The Risks Digest

The RISKS Digest

Forum on Risks to the Public in Computers and Related Systems

ACM Committee on Computers and Public Policy, Peter G. Neumann, moderator

Volume 3 Issue 74

Friday, 3 October 1986

Contents

o Opinions vs. Facts in RISKS Reports (re Aviation Accidents)
Danny Cohen
o Mathematical checking of programs (quoting Tony Hoare)
Niall Mansfield
o Risks of maintaining computer timestamps revisited [RISKS-3.57]
Ian Davis
o Keyword indexing in automated catalogs
Betsy Hanes Perry
o Re: Viking Landers -- correction
Scott Preece
o Re: Confidence in software via fault expectations
Scott Preece
o Overrides and tradeoffs
Jerry Leichter
o Re: Deliberate overrides
Brint Cooper
o Re: idiot-proof cars (risks-3.68)
Col. G. L. Sicherman
o Info on RISKS (comp.risks)

Opinions vs. Facts in RISKS Reports (re Aviation Accidents)

<COHEN@B.ISI.EDU>
3 Oct 1986 09:18:27 PDT
    Opinions vs. Facts in RISKS Reports (re Aviation Accidents)
    -----------------------------------------------------------

Everyone is entitled to opinions and to facts.  Keeping the two
distinguishly separated is the basis of good reporting -- including
the reports/contributions to RISKS.

The RISKS readers are best served by being able to tell one from
the other, and to tell what is based on opinions/rumors and what on
facts.  Two examples follow.


In RISKS-3.27 Stephen Little reported about "one major accident in which
the pilot followed the drill for a specific failure, as practiced on the
simulator, only to crash because a critical common-mode feature of the
system was neither understood, or incorporated in the simulation."

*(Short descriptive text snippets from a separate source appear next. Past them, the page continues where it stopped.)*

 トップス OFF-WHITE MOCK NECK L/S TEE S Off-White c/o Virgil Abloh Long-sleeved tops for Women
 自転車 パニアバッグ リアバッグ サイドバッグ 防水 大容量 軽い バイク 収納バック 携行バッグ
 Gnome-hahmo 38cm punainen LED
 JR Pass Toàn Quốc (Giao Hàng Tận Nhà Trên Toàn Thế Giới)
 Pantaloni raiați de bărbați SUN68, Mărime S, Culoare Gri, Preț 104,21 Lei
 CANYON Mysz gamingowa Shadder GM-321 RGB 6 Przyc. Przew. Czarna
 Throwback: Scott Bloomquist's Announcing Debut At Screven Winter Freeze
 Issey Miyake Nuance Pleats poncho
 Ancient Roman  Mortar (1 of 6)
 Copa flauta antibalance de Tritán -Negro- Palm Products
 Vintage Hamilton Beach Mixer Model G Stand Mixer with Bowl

Since this is a very important evidence of "major accident" (with
possible/probable loss of hundreds of lives) I tried to follow up on it
and offered to pursue this report.  

The best way to verify such a report is by a reference to the official
NTSB (National Transportation Safety Board) accident investigation
report.  Therefore, I have volunteered to pursue this reference myself
if anyone could give me details like the date (approximately), place
(country, for example), or the make and type of the aircraft.

My plea for this information appeared in RISKS-3.34, on 8/9/1986.

In response, one RISKS reader provided me with a pointer to what he
vaguely remembered to be such a case.  After pursuing the original
report we both found that the pilot (Capt. John Perkins, of United
Airlines) claimed that [computer based] simulator training helped him
and his crew to survive a windshear encounter (not the kind of story
the RISKS community finds to be of interest).

       (The long discussion about the F-16 does not relate to this
    topic since it was concentrated on what the simulator software
    should do and what the aircraft software should do, rather than
    on the fidelity of the simulator and on its training value).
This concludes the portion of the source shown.